Police kill pit bull at rehab facility

SOUTH GLENDALE — A roaming pit bull was shot and killed Tuesday by Glendale police responding to calls that the dog had trapped clients in a rehab facility, officials said.

Police arrived to the 300 block of Mission Road after receiving a call that a 60-pound pit bull had chased a client from the Glendale Adventist Drug and Alcohol Center into the building and was scratching at the door, officials said.

The clients feared being bitten and didn't want to exit the building, prompting calls to the police, Lt. Gary Montecuollo said. No one was bitten during the incident.

Two officers and a police sergeant saw the pit bull near the building and parked on one end of the block to assess the situation, he said. It was then that the dog slanted its ears back and began sprinting toward the officers.

Officers first shot the dog with a rubber bullet, but it didn't stop and continued running toward them. That's when they used regular ammunition, killing the dog, Montecuollo said.

"Unfortunately, officers killed the dog, but stopped the threat," he said.

Animal control officers cited the owner for not having a license for the dog, which had been living in the city for eight years, said Ricky Whitman, a spokeswoman for the Pasadena Humane Society, which services Glendale.

A second dog belonging to the same owner, whom police identified as 28-year-old Priscilla Chacon, was also found roaming the neighborhood.

Chacon could not be reached for comment.

The owners were also cited for not having a license for the second dog and for failing to restrain the dogs on a leash, Whitman said.

The pit bull had reportedly escaped from the home's yard and terrorized residents for several days.

No one reported the dogs to police before Tuesday's incident, but some residents said the pit bull had been aggressive and nipped at a cyclist, police said.
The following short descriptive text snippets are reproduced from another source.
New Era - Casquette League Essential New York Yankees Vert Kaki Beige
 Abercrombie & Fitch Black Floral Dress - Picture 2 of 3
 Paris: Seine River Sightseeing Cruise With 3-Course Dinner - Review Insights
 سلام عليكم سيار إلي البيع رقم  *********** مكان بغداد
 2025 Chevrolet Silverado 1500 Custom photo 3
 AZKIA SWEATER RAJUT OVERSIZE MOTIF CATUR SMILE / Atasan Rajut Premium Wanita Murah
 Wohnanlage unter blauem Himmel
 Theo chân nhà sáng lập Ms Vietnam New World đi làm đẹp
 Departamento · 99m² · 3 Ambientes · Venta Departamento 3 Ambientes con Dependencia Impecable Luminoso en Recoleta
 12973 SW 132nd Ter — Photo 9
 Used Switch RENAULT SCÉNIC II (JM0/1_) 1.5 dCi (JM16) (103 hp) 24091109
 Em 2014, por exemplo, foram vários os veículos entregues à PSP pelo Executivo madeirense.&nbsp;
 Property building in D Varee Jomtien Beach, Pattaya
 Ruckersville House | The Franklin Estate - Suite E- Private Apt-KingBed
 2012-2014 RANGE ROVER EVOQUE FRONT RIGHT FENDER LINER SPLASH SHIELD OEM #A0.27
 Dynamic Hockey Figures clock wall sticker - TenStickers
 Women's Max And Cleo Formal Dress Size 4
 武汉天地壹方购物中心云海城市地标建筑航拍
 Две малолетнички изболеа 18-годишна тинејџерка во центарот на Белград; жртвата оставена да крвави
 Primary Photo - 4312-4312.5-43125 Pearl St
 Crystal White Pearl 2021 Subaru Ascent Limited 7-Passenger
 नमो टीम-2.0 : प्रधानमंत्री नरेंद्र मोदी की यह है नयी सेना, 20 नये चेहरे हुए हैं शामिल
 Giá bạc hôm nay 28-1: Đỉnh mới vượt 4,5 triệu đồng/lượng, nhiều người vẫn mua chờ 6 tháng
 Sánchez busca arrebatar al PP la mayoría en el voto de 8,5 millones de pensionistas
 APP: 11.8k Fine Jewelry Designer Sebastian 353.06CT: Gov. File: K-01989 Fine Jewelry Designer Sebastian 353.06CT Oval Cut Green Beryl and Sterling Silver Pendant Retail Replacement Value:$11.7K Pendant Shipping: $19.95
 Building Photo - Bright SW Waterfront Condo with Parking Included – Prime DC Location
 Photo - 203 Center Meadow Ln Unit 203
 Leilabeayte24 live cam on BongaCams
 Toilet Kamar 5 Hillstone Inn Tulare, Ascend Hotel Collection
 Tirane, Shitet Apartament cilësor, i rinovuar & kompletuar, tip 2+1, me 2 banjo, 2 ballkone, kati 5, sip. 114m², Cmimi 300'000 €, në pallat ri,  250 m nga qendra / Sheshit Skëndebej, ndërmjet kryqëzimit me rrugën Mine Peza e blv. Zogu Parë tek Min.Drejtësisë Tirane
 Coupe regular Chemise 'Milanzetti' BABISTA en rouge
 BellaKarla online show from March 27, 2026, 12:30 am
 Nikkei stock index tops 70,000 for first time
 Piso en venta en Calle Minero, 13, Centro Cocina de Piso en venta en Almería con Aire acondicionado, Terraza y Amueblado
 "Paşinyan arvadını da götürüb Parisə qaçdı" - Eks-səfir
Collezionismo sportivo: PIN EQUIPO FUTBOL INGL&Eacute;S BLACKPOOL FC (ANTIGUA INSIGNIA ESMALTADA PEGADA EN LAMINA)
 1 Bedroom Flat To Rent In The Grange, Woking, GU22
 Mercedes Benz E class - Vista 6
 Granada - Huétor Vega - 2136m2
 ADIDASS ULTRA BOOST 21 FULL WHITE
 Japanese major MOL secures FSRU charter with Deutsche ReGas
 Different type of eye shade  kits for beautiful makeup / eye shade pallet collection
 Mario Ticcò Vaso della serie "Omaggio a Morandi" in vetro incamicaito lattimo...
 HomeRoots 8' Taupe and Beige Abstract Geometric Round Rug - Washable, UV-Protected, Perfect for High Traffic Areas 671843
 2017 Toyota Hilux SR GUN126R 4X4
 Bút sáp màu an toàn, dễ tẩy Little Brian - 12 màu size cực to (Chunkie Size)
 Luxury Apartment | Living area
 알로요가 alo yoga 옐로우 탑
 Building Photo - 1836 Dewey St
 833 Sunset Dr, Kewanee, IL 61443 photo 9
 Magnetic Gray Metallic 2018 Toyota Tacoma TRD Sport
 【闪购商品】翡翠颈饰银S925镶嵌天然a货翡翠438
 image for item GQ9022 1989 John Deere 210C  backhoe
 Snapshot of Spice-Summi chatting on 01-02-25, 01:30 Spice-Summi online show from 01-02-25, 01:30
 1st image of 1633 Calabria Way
Neighborhood resident Lillian Lonnon saw both dogs roaming the streets several times. She never had a violent encounter with the dogs, but she said they were clearly aggressive.

"I didn't like that dog," she said of the pit bull.

Police were investigating the incident and a standard internal review had been launched into the officers' actions, officials said.

Whitman said the officers likely had no other choice but to shoot the dog since it didn't react to the rubber bullet.

"[Police] did exactly what they needed to do for their safety and the public's safety," she said.